Task instructions - Please restate the listing word for word, omitting the images.

Material provided -
▬▬▬▬▬▬▬▬▬▬

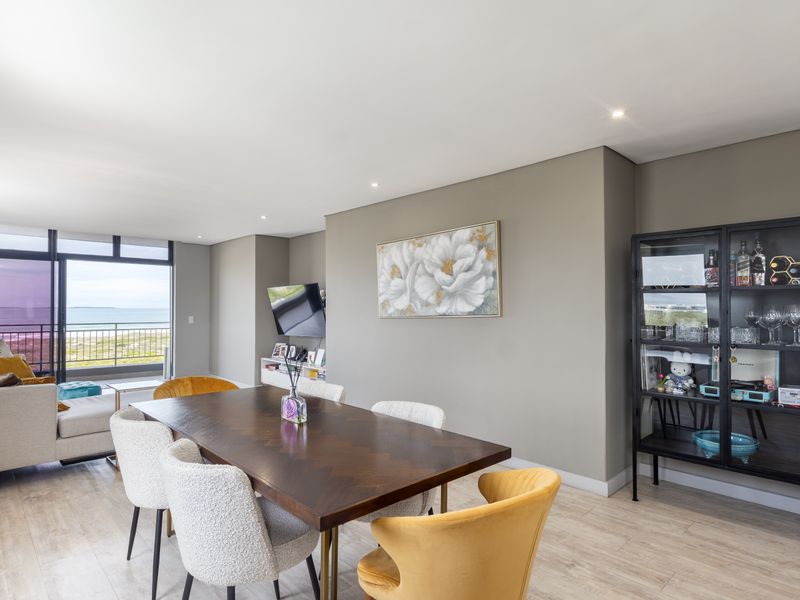 Spacious open-plan living and dining area featuring modern laminate flooring, recessed lighting, and large sliding doors leading to a balcony with ocean views.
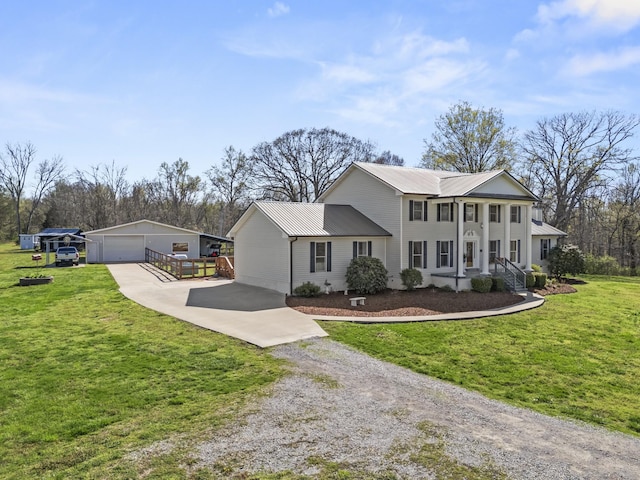 1737 Bratton Ln, Williamsport, TN 38487 - neoclassical / greek revival house featuring gravel driveway, an outbuilding, metal roof, a garage, and a front yard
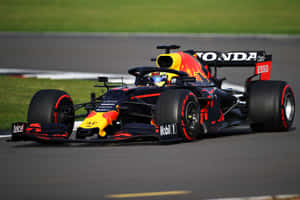 A Red Bull Racing Car Is Driving On A Track Wallpaper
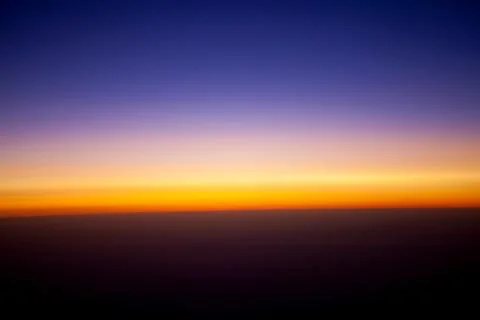 Sunset view above the clouds seen from airplane window Stock Photos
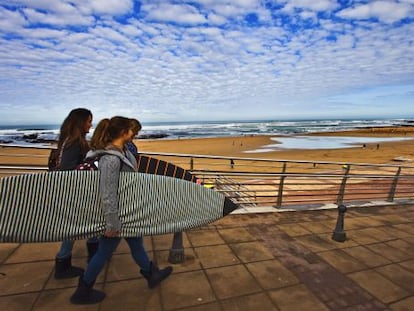 Surferas en la playa de Sopelana, el caser&iacute;o de Landetxo y una fila de copas de vino preparadas para una cata de chacol&iacute;.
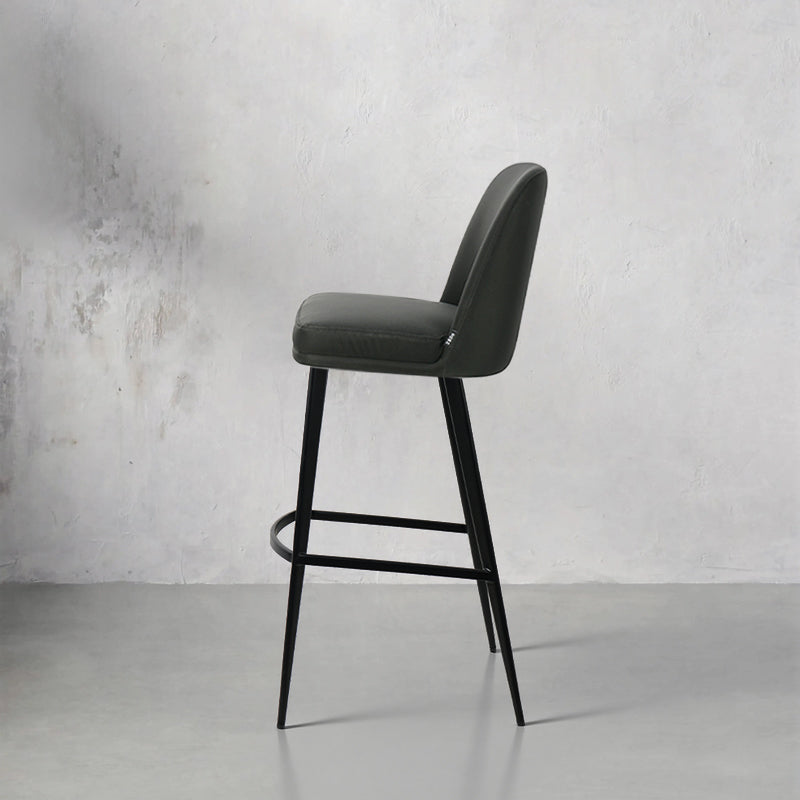 Heduedmobel HD-7516 Meimei PU leather bar chair with modern design and cushioned seat, shown from a side angle.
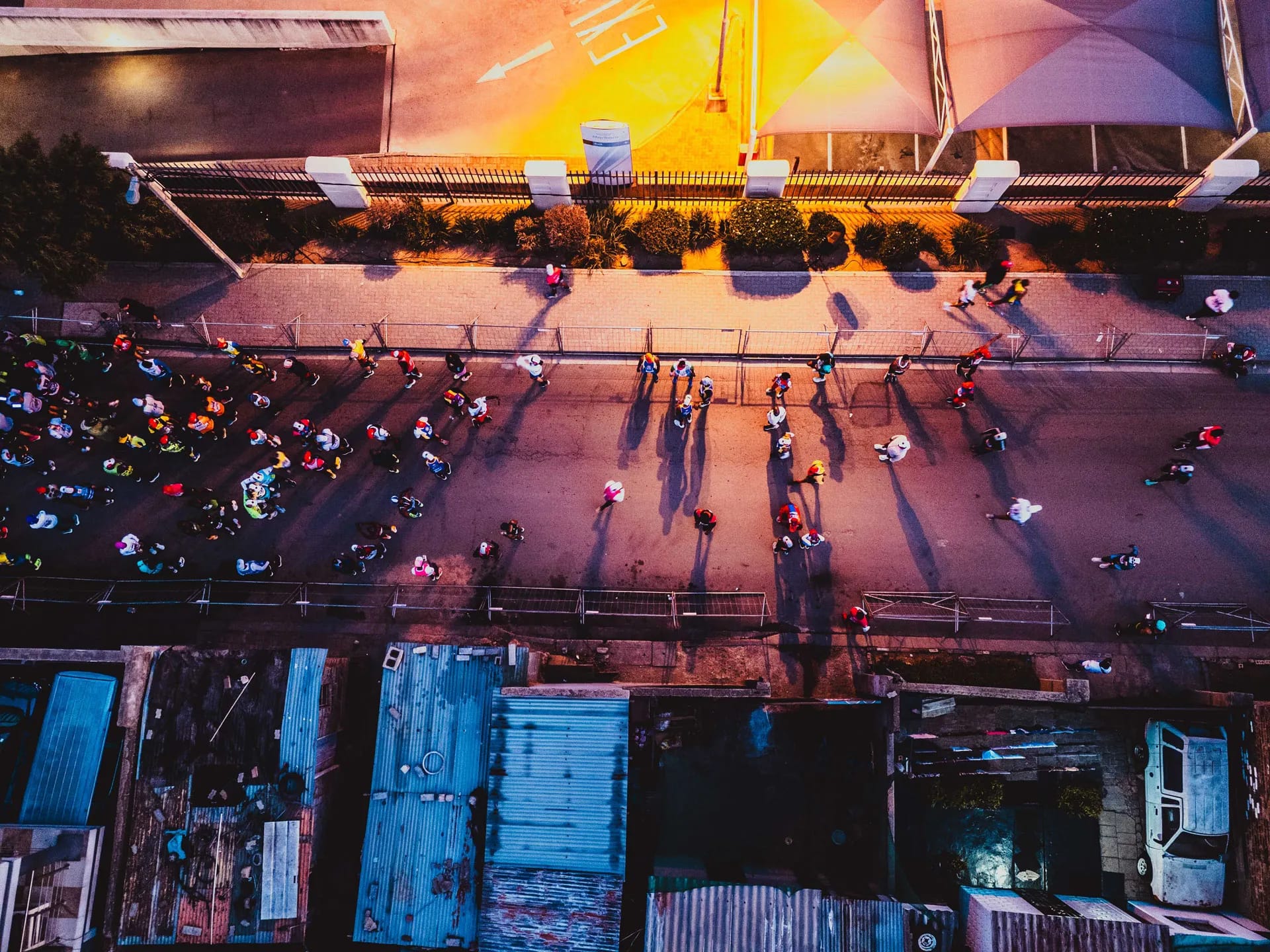 Top-down view of marathon runners on a paved road casting long shadows during an early morning race.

▬▬▬▬▬▬▬▬▬▬

Exercise response -
 Spacious open-plan living and dining area featuring modern laminate flooring, recessed lighting, and large sliding doors leading to a balcony with ocean views.
 1737 Bratton Ln, Williamsport, TN 38487 - neoclassical / greek revival house featuring gravel driveway, an outbuilding, metal roof, a garage, and a front yard
 A Red Bull Racing Car Is Driving On A Track Wallpaper
 Sunset view above the clouds seen from airplane window Stock Photos
 Surferas en la playa de Sopelana, el caser&iacute;o de Landetxo y una fila de copas de vino preparadas para una cata de chacol&iacute;.
 Heduedmobel HD-7516 Meimei PU leather bar chair with modern design and cushioned seat, shown from a side angle.
 Top-down view of marathon runners on a paved road casting long shadows during an early morning race.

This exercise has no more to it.